The question: do people give different estimates of a distance after being fatigued by exercise, and does ingesting sugar during the exercise change the relationship?

The setup: participants are shown a sequence of 3 targets at different distances, and asked to provide a distance estimate for each. They then exercise for a while, and then make 3 more distance estimates to 3 new target distances. This whole procedure happens twice for each participant, on separate days, and one day they ingest sugar, while on the control day they do not.

The data:

DV: Distance estimates

IVs:

  • Actual distance: 6 possible distances
  • Condition: 2 level factor: treatment/placebo
  • Measurement occasion: 2 level factor: Pre/Post exercise

So, for each subject, I have:

  • 3 distance estimates before exercising w/ sugar
  • 3 distance estimates after exercising with sugar
  • 3 distance estimates before exercising w/out
  • 3 distance estimates after exercising w/out.
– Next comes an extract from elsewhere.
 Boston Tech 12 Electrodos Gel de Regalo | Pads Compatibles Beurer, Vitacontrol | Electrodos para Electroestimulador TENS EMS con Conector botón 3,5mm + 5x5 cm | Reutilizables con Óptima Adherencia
Ultimately, I'd like to know if the estimates people make post-exercise are different depending on the Condition, but those estimates should also be dependent on the starting point of Pre-exercise estimates. Since the actual target distances before and after are different, I can't do a direct comparison (the means of each group of 3 are the same, however).

The thing that is tripping me up is that both factors are within subjects. I have repeated measures at different levels (repeated estimates in each state, repeated estimates separated by time, and repeated estimates separated by treatment) and I'm not sure what to treat as fixed effects and what to treat as random effects, whether I have a nested structure or not, and whether I should be looking at random intercepts only or also random slopes (and for which variables).

Any help or suggestions are greatly appreciated. Thanks!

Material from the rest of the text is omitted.